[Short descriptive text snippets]

- - - - -

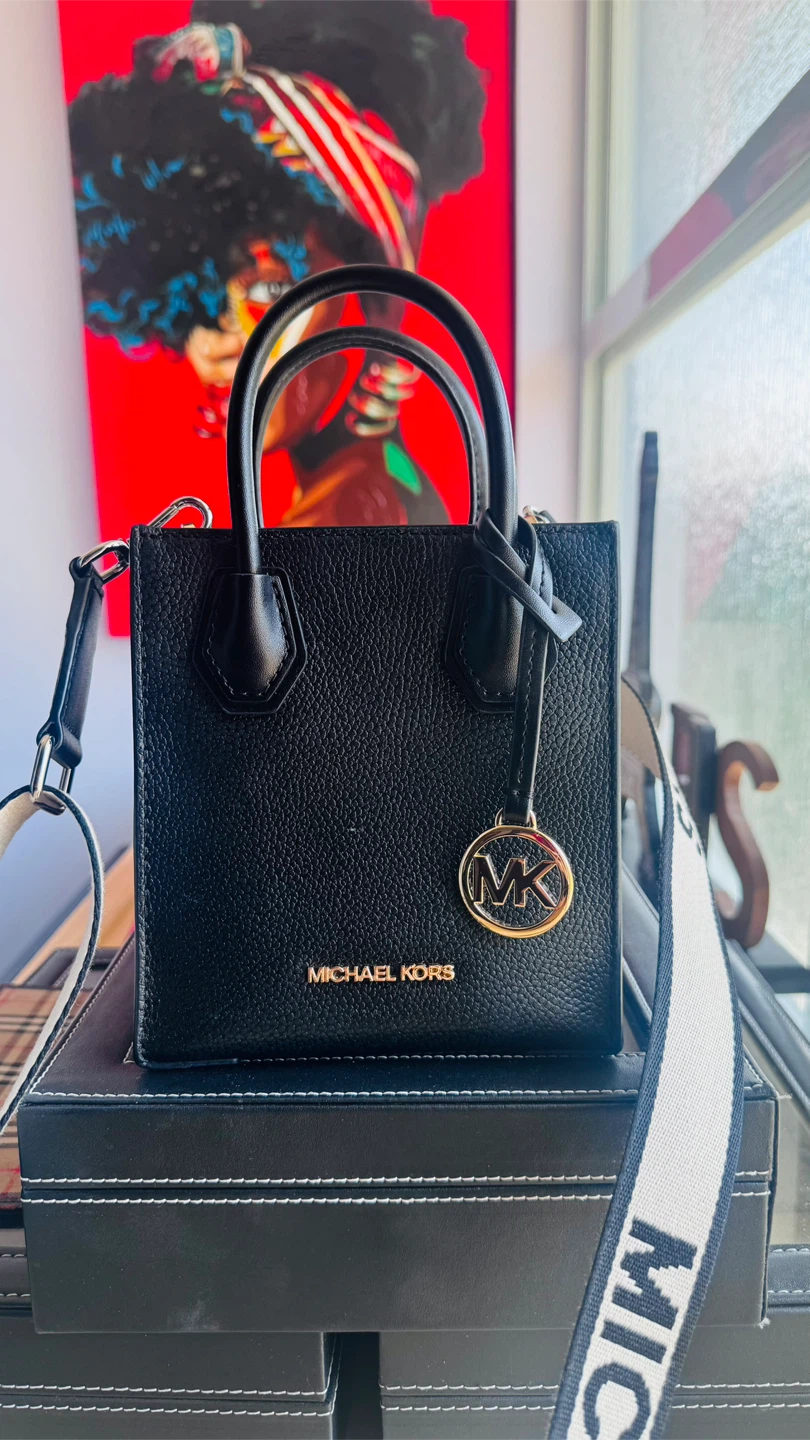 Michael Kors Black Leather Tote Bag with Logo Strap - photo 3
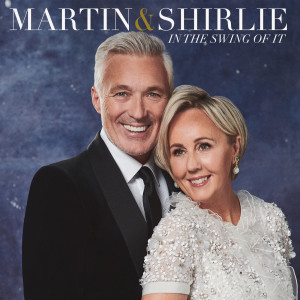ดาวน์โหลดและฟังเพลง Fly Me to the Moon พร้อมเนื้อเพลงจาก Martin and Shirlie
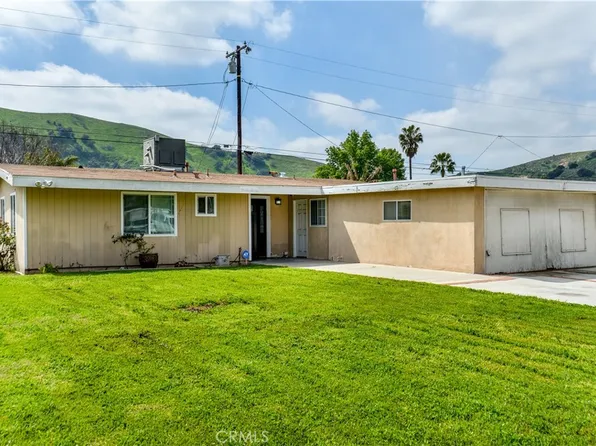 1904 Fleming St, Pomona, CA 91766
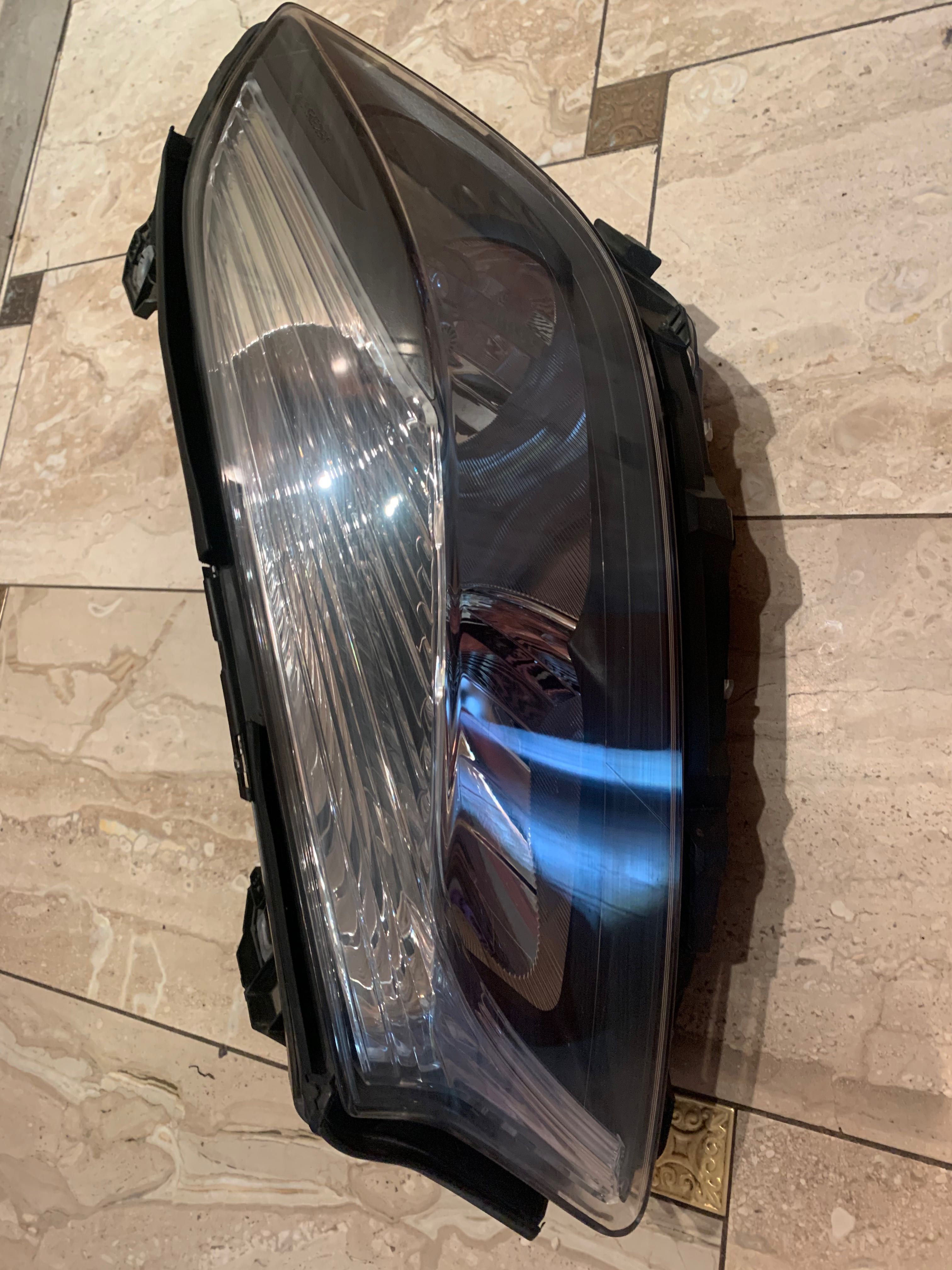 Lampa przednia lewa Mercedes A160 W176 !!!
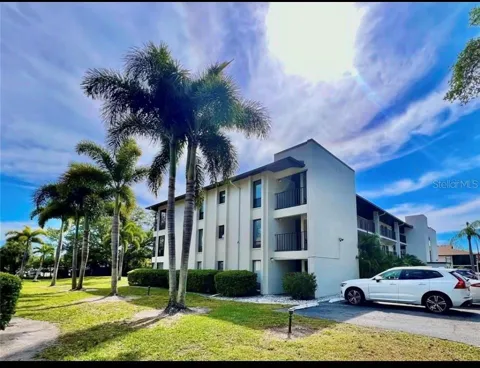 7203 CURTISS AVENUE #1A
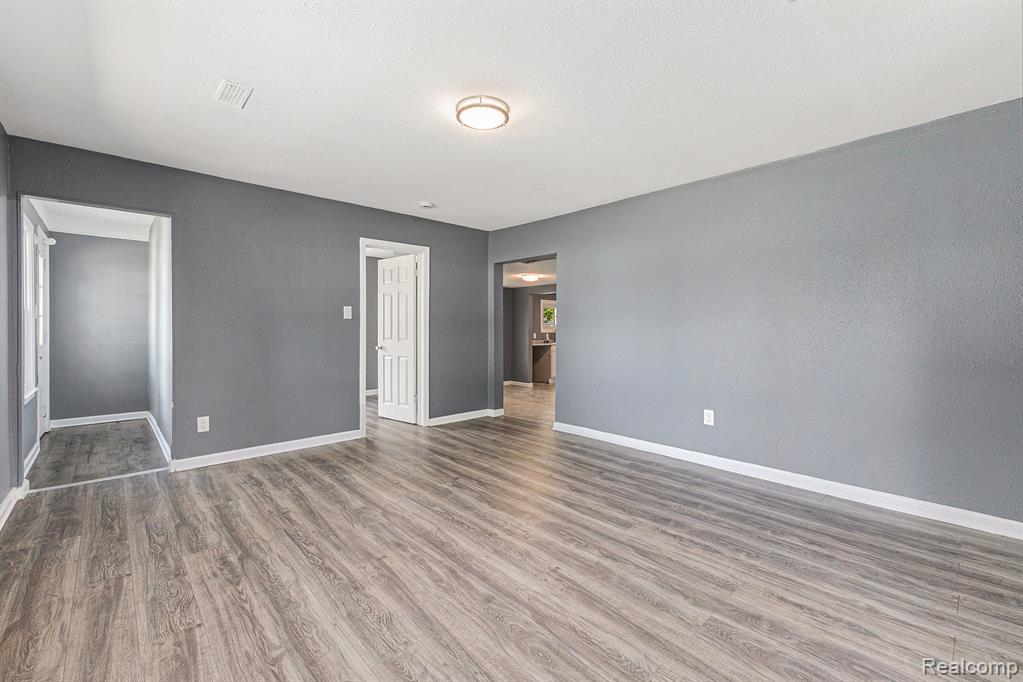 11472 Cadillac Avenue, Warren, MI 48089 — Photo 6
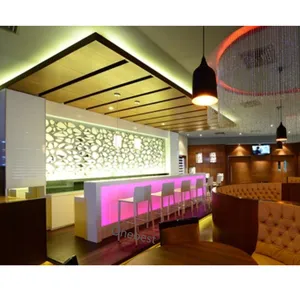 Hotel Marmer LED Putih Bangku Bar, Meja Bambu Modern dengan Dinding Belakang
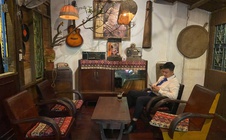 Giới trẻ check-in Tết giữa "không gian hoài niệm"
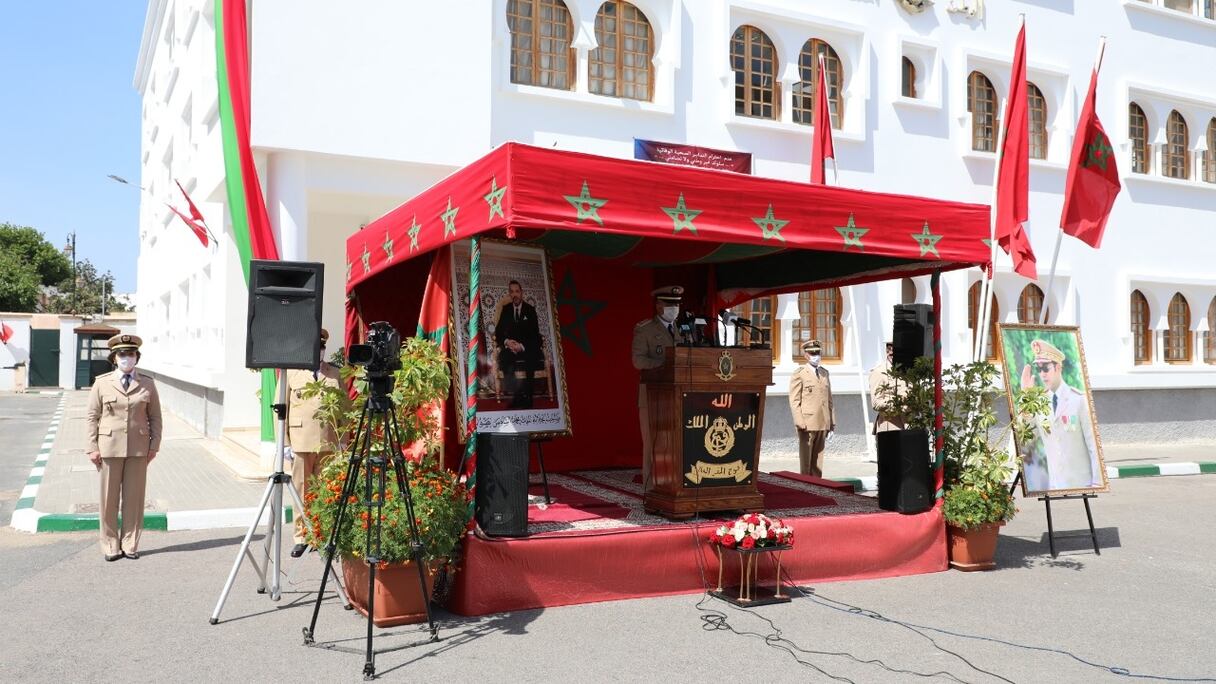 La cérémonie du 65e anniversaire de la création des FAR a été marquée par le salut des couleurs nationales et la lecture de l’ordre du jour adressé par le roi Mohammed VI aux officiers, sous-officiers et militaires de rang.
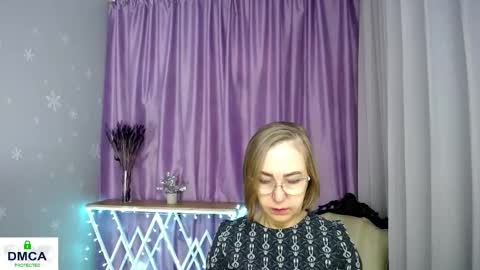 Snapshot of queen_a_n_i chatting on 03.10.26 A N I Ill be here on December 1st online show from 03.10.26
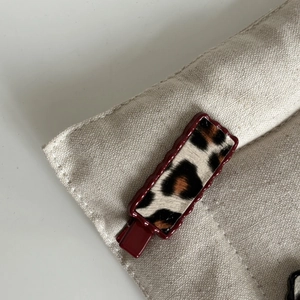 Détail d'une pince à cheveux léopard avec bords en résine ondulés et base en métal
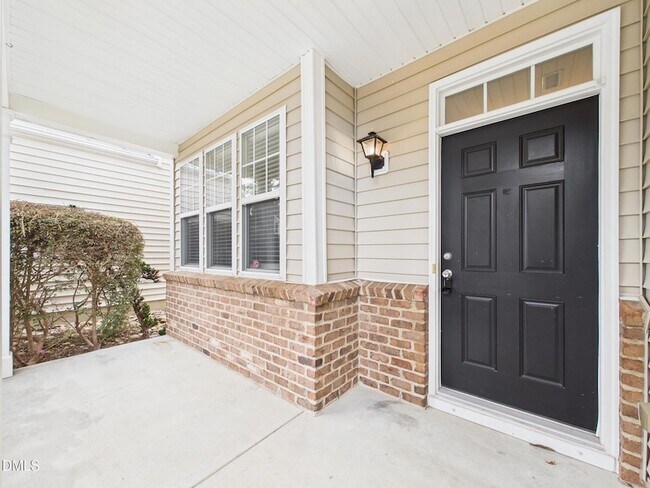 Foto del edificio - 302 Meeting Hall Dr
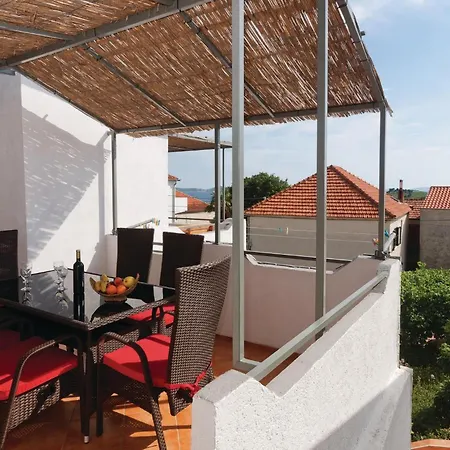Apartman Bribirskih Knezova Ii *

- - - - -

_ABOUT THIS TASK_: Lines before the one containing "Détail d'une pince" are not wanted; write out that line and every later line through the end of the data above, exactly, without pictures.

_ANSWER SPACE_:
 Détail d'une pince à cheveux léopard avec bords en résine ondulés et base en métal
 Foto del edificio - 302 Meeting Hall Dr
Apartman Bribirskih Knezova Ii *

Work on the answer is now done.